The goal of MKS Mining Math is that your storage tanks should never overflow during the KSP catch-up calculations. If you’re using Planetary Storage (a.k.a. PL or Planetary Logistics), then you need 12h of all input/output/intermediate storage. If you rely on local logistics, multiply all storage tank sizes by ten. But in this case, we’re only pushing the output (LF/Ox) into PL.

With the 11.36% ore concentration (on the high side):

  • Production: 0.170441 ore/sec * 3 drills * 3600 sec * 12h = 22100 ore/12h

Figuring out the MPU rate is much harder. According to the VAB, each MPU converter on the 2.5m unit can convert 0.05 ore/sec. But given the numbers at the drilling site, I’m seeing more like 0.469 ore/sec (about a factor of 9x difference). That will probably go down as the Machinery level decreases.

  • Conversion: 1 unit of ore = 0.05 ore/sec * 3600 = 15.23 LF/hr = 11.8 ore/LF unit

So for every unit of ore that I produce during the 12h period, I need 1/11.8 storage for LF (about 1900).

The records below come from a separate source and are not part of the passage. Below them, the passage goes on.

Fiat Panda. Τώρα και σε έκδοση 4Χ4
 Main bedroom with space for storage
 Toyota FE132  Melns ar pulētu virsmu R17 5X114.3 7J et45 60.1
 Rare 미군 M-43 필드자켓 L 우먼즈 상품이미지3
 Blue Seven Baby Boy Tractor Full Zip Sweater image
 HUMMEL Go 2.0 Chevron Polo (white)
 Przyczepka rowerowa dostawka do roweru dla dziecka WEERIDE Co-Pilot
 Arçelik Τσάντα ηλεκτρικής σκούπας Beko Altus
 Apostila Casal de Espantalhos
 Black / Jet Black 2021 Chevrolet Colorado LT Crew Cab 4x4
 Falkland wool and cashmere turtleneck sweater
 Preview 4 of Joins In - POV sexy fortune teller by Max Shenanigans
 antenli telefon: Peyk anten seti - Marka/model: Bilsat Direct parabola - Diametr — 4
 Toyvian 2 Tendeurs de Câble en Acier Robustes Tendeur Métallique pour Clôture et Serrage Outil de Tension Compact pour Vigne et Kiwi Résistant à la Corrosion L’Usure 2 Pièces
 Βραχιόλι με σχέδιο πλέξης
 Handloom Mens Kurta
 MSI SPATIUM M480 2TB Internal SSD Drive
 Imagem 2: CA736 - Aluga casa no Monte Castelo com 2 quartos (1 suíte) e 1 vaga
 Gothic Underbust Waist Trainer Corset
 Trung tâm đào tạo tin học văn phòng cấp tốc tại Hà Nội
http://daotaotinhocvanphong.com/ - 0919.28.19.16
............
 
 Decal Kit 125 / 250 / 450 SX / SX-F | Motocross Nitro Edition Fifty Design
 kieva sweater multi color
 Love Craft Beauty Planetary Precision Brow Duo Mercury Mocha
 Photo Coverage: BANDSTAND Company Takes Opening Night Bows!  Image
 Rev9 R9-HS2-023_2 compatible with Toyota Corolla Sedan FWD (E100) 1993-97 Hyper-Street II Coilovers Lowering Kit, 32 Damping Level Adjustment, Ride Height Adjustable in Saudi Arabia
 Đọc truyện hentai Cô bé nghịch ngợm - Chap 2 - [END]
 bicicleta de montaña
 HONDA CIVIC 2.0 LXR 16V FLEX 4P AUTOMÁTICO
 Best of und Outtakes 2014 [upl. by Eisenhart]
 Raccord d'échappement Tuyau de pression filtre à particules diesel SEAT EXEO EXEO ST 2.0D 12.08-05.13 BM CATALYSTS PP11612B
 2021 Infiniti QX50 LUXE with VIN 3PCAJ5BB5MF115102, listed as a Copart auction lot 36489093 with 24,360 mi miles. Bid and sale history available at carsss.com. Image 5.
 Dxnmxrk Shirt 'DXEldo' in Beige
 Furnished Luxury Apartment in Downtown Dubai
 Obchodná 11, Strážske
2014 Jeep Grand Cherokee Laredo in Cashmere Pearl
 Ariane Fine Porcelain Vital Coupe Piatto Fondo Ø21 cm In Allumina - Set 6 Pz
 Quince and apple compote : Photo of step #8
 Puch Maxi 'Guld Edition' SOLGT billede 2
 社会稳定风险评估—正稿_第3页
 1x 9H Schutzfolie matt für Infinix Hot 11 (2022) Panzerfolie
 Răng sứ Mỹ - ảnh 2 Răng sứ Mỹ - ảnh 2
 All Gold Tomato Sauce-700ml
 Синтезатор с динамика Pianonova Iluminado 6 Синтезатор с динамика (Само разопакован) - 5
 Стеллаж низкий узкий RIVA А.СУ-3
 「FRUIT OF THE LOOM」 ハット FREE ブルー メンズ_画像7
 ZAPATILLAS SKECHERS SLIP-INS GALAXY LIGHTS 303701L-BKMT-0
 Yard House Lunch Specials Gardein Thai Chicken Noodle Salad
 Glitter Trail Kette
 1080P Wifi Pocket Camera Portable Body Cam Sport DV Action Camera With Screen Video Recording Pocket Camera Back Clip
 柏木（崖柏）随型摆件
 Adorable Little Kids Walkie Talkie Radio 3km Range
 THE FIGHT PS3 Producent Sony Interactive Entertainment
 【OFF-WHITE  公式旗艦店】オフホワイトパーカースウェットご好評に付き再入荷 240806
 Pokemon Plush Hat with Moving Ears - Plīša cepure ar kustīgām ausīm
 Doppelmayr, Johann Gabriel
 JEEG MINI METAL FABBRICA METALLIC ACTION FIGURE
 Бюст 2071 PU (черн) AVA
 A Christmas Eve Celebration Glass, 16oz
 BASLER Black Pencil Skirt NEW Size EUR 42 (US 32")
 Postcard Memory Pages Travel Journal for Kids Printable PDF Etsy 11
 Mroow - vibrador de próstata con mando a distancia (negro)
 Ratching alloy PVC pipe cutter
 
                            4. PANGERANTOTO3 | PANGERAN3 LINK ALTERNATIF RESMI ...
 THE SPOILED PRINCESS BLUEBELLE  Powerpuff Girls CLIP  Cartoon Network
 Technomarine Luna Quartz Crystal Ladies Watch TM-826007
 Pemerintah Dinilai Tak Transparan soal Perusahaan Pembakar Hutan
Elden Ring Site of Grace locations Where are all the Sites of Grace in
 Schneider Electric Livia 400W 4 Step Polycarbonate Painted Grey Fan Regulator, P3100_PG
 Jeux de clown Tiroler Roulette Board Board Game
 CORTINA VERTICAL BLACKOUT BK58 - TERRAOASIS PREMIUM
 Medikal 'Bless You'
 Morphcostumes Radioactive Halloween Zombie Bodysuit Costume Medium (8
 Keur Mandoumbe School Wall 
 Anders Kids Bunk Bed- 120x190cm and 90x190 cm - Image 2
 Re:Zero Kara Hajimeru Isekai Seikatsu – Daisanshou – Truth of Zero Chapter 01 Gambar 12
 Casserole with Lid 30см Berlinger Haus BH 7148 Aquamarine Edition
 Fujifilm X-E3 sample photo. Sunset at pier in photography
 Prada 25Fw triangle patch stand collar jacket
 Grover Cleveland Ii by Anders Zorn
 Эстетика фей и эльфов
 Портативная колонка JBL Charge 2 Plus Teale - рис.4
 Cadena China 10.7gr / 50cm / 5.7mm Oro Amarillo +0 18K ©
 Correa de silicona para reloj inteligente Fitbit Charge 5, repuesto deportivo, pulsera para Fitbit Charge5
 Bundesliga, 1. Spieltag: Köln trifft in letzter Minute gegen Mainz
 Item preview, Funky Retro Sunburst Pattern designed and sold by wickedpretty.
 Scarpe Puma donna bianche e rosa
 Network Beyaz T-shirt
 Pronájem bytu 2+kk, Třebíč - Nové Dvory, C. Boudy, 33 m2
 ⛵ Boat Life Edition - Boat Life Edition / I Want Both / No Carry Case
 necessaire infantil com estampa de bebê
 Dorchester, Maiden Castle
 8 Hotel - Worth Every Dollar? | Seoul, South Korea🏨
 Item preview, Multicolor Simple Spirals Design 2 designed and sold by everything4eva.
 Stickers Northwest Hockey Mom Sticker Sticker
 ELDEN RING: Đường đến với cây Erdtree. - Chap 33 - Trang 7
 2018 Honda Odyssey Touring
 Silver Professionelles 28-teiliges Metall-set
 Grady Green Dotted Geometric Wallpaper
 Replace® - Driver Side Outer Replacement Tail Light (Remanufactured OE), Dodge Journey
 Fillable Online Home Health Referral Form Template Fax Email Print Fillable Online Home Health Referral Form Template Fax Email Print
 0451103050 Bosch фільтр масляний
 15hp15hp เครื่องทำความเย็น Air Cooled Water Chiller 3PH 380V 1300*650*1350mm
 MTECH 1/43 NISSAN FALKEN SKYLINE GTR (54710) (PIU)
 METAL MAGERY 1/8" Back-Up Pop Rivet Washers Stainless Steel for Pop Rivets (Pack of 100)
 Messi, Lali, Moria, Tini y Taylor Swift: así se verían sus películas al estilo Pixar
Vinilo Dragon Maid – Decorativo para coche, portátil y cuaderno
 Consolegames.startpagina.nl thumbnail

Except that I know I’m running my 2.5m MPU at about 50% right now and I want to max that out if possible. That means I need:

  • Six of the ‘Drill-O-Matic’ drills (135 EC/s 1200 kW of cooling)
  • 44,000 ore storage (two of the shipping container style 5m Kontainers)
  • 3750 storage of Liquid Fuel and the equivalent ratio of Oxidizer (slightly more than a 3.75 cluster style Kontainer tank)